Mikayla Hart ’16S (MBA)

The first of Tashi Organics’ productions will be an organic juice line that will offer consumers a healthy beverage that creates positive social and environmental impacts.

Hart, who is from Hawaii, met Wozniak through another social entrepreneurship competition called the Hult Prize several months ago.

“During my research for the business plan, I contacted Kari because of her role and expertise in post-harvest food loss,” Hart said. “We spoke a few times, and I was very appreciative of how helpful she was through the process.”

When Hart’s team didn’t advance in the Hult Prize, she and Wozniak decided to team up for the Tibetan Innovation Challenge. Until this week, the two had yet to meet in person.

Student presentations will run from 3:45 to 5 p.m. The judges then will deliberate until announcing the champion.

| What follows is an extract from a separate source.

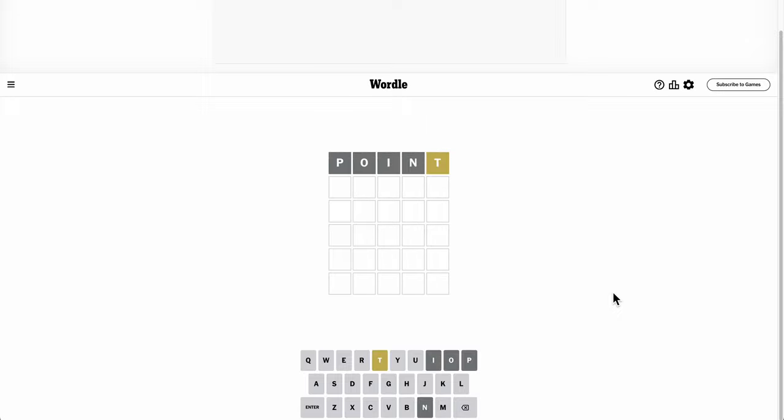Okay, Point gets me a T and not much to go with it.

Each team will give a 10-minute presentation followed by a five-minute question-and-answer period with judges.

The judges are: Randall Kempner, executive director of the Aspen Network of Development Entrepreneurs; Lobsang Nyandak, executive director of the Tibet Fund and Trustee to the Dalai Lama Trust; Song Pak, SVP of Operations and Acting General Counsel, Revolution, LLC and General Counsel and Chief Compliance Officer, Revolution Growth; and Tashi Nangsetsang, Tibetan Community Leader in Toronto and project manager, A&L Contractors.

Sponsors of the Tibetan Innovation Challenge include: The University of Rochester Ain Center for Entrepreneurship, the Art of Peace Foundation, the Tibet Fund, and Tibetan Entrepreneurship Development.